Les Américains soutiennent le mur israélien avec tout leur cœur et leur
portefeuille. Même le nom semi-officiel de la barrière – la
« clôture de séparation » – souligne cette tendance.
Celle-ci vise à « séparer » les nations, les civilisations
et bien sûr la culture (nous) de la barbarie (eux). Ce sont des raisons profondément idéologiques, la
plupart inconscientes. A première vue, elles semblent être une réponse
pratique à un danger réel et présent. L’Israélien moyen dira :
Etes-vous fou ? De quoi parlez-vous ?Qu’est-ce que cela a à
voir avec Herzl ?Il est mort il y a cent ans ! » Mais il y
a un rapport direct. Il y a aussi un autre aspect. A l’époque de Herzl,
une phrase, qui est devenue le slogan du mouvement sioniste à ses débuts,
a été inventée : « Une terre sans peuple pour un peuple sans
terre ». C’est à dire la Palestine est un pays vide. Quiconque parcourt dans toute sa longueur le tracé
du mur tel qu’il est prévu est frappé par un aspect qui saute aux
yeux. Le mur a été conçu sans la moindre considération pour la vie des
êtres humains palestiniens qui y vivent. Le mur les écrase comme le
ferait un homme marchant sur une fourmi. Les fermiers sont coupés de
leurs champs, les ouvriers de leur lieu de travail, les élèves de leurs
écoles, les malades de leurs hôpitaux, les familles endeuillées des
tombes de leurs chers disparus. Il est facile d’imaginer les officiers et les
colons penchés sur la carte et préparant le tracé du mur comme si c’était
un espace vide avec rien excepté les colonies, les bases militaires et
les routes. Ils discutent de topographie, de considérations tactiques et
d’objectifs stratégiques. Les Palestiniens ? Quels Palestiniens ? La Cour suprême israélienne qui a pris sa décision
la semaine dernière s’est concentrée principalement sur ce point-là.

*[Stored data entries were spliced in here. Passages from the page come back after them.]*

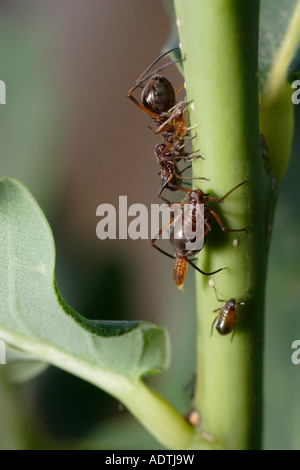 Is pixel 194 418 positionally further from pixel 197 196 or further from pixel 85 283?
pixel 85 283

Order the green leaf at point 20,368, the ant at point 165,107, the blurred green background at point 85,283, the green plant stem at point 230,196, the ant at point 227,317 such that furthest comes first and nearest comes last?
the blurred green background at point 85,283, the green leaf at point 20,368, the ant at point 165,107, the ant at point 227,317, the green plant stem at point 230,196

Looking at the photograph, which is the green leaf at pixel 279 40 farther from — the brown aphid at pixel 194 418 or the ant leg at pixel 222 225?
the brown aphid at pixel 194 418

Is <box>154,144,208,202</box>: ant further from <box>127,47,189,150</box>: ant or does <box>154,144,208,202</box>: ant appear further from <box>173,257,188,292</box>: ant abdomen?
<box>173,257,188,292</box>: ant abdomen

Elle ne contestait pas la déclaration des généraux disant que le mur
est nécessaire. Si les généraux le disent, la Cour se met au garde-à-vous
et salue. La Cour n’a pas non plus décidé que le mur doit être érigé
sur la Ligne Verte, la frontière internationalement reconnue entre Israël
et les territoires qu’il a occupés en 1967, ce qui est aussi la ligne
la plus courte et la plus facilement défendue. Mais elle reconnaît le
fait que les territoires sont habités par une population palestinienne et
demande que leurs besoins humains soient pris en considération. Au cours de la semaine suivante, il est devenu clair
que l’armée était prête à apporter certains changements dans le tracé
du mur mais pas à en changer la conception fondamentale. Le tracé
« amélioré » crée toujours des enclaves pour les
Palestiniens et limite leur liberté de mouvement, même si c’est dans
une moindre mesure qu’avec l’ancien tracé. Certains des fermiers
retrouveront leurs terres. Rien de plus. C’est alors qu’intervient la Cour internationale
de justice qui énonce des principes beaucoup plus proches de ceux
soutenus par les forces de paix israéliennes qui ont manifesté contre le
mur. Elle dit que le mur lui-même est illégal, sauf là où il suit la
Ligne Verte. Toutes les sections construites à l’intérieur des
territoires occupés violent le droit international et les conventions et
accords signés par Israël. La Cour dit que ces sections du mur doivent être démantelées,
la situation antérieure rétablie et les Palestiniens indemnisés pour
les dommages subis. Il est fait appel à tous les pays du monde pour
qu’ils s’abstiennent de donner toute aide à la construction du mur. Cet avis aura-t-il un impact sur l’opinion publique
israélienne ? Je crains que non. Au cours des derniers mois, la
machine de propagande officielle a préparé l’opinion. Les juges de la
Cour internationale, dit-on, sont antisémites. Il est bien connu que tous
les pays, peut-être à l’exception des Etats-Unis, veulent détruire
l’Etat juif. Il y a quelques années, une jolie chanson était très
populaire : « Tout le monde est contre nous / Mais on s’en
fout… » Alors qu’ils aillent au diable ! Cet avis aura-t-il un impact sur l’opinion publique
mondiale ? Probablement, bien que l’« avis consultatif »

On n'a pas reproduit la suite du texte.